GitLab on Wednesday launched safety updates to deal with 17 safety vulnerabilities, together with a essential flaw that permits an attacker to run pipeline jobs as an arbitrary consumer.
The problem, tracked as CVE-2024-6678, carries a CVSS ranking of 9.9 out of a most of 10.0
“A topic was once came upon in GitLab CE/EE affecting all variations ranging from 8.14 previous to 17.1.7, ranging from 17.2 previous to 17.2.5, and ranging from 17.3 previous to 17.3.2, which permits an attacker to cause a pipeline as an arbitrary consumer beneath sure instances,” the corporate stated in an alert.
The vulnerability, at the side of 3 high-severity, 11 medium-severity, and two low-severity insects, were addressed in variations 17.3.2, 17.2.5, 17.1.7 for GitLab Neighborhood Version (CE) and Endeavor Version (EE).

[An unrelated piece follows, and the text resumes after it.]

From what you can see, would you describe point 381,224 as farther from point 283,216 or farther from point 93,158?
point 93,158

It is value noting that CVE-2024-6678 is the fourth such flaw that GitLab has patched over the last yr after CVE-2023-5009 (CVSS ranking: 9.6), CVE-2024-5655 (CVSS ranking: 9.6), and CVE-2024-6385 (CVSS ranking: 9.6).

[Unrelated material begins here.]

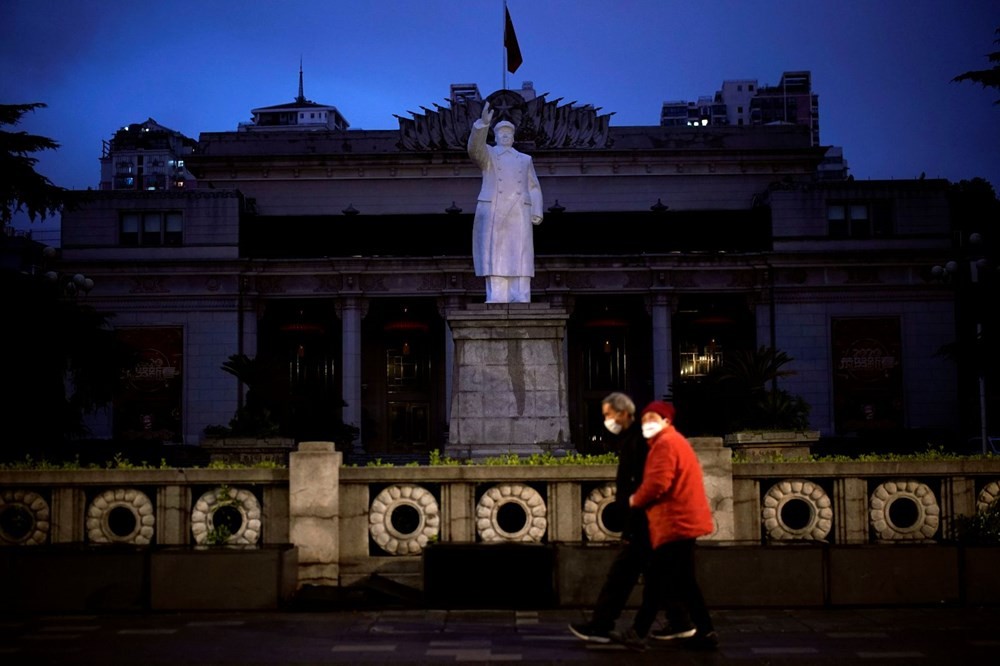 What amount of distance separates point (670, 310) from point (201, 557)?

Whilst there is not any proof of energetic exploitation of the issues, customers are really helpful to use the patches once imaginable to mitigate towards attainable threats.
Previous this Might, U.S. Cybersecurity and Infrastructure Safety Company (CISA) printed {that a} essential GitLab vulnerability (CVE-2023-7028, CVSS ranking: 10.0) had come beneath energetic exploitation within the wild.